However, the Bible urges us to have children as a vital part of exercising dominion in a complex, dangerous, broken world. So - from a scientific point of view, does childbearing and child-rearing help or hinder in the work of dominion?
Certainly the introduction of a new, totally dependent being into a marriage relationship increases the demands on the parents and on the relationship exponentially. Our baby's physical survival is completely dependent on how well we notice, nurture and protect that child. So are we as new moms adjusting to radically elevated and emotionally charged levels of responsibility or are we really getting dumber?

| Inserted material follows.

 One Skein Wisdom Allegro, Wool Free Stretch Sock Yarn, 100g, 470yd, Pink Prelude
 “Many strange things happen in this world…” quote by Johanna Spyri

According to a recent book, The Mommy Brain: How Motherhood Makes Us Smarter, by Katherine Ellison, the possibility of getting dumber could not be farther from the truth. Ellison tracks changes in the female brain following pregnancy and the care-giving of early childhood. Her findings fly in the face of the conventional wisdom of feminism.
The Mommy Brain research shows that pregnant women actually gain brain cells - something thought to be impossible for human brains beyond the childhood growth curve. Those new cells tend to be in the sensory regions designated to hearing and smelling, which validates the older conventional wisdom marveling over the sensory acuity of moms. "Be careful, your mom has eyes in the back of her head," isn't far off. It's just that she has supercharged ears rather than a third eye.

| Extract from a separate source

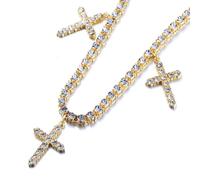 HALUKAKAH Cadena de Tenis de 5 mm Chapado en Oro Real 18k con 0,5ctw de Diamantes Engastados a Mano para Hombres y Mujeres - Adornada con 3 Cruces Religiosas - Completa con Caja de Regalo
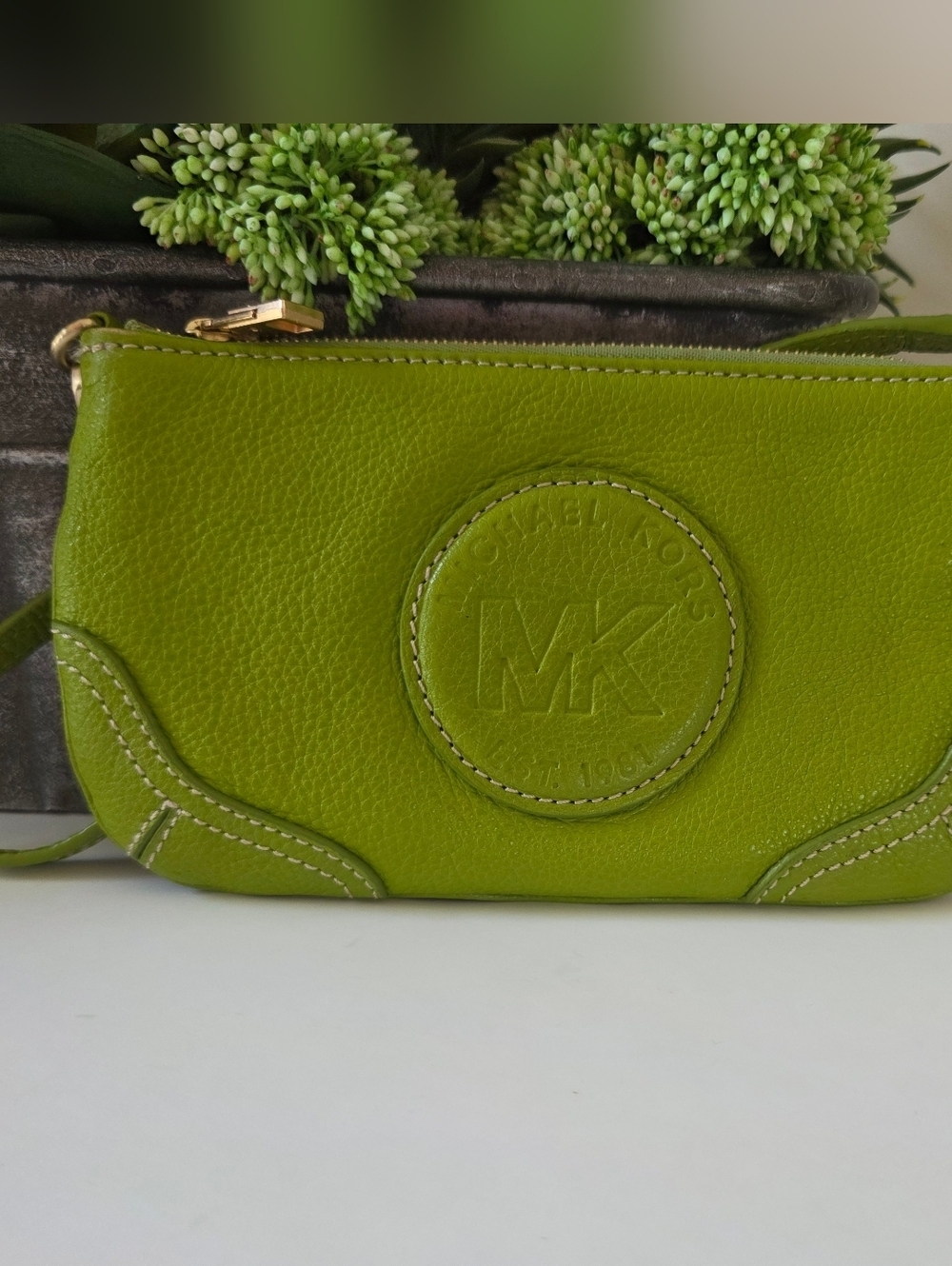 Michael Kors Malibu Straw Crossbody Tote Palm Leaf Embroidery + MK Wristlet - Picture 12 of 15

Ellison also details an astonishing increase in hormones and neurotransmitters which promote hyper-awareness, altruism, emotional bonding, cheerfulness, empathy and social connectivity. This chemical cocktail is self-perpetuating. The more a person exercises the capabilities opened by these substances, the more the body makes. So the extra smarts become permanent.
Even more, the chemical changes are often echoed in an involved father. Science isn't certain how it happens, but it seems connected with pheromones given off by the mother, with skin-to-skin contact with the infant, and with exercising parental nurturing. So it seems parental smarts can be both contagious and cultivated!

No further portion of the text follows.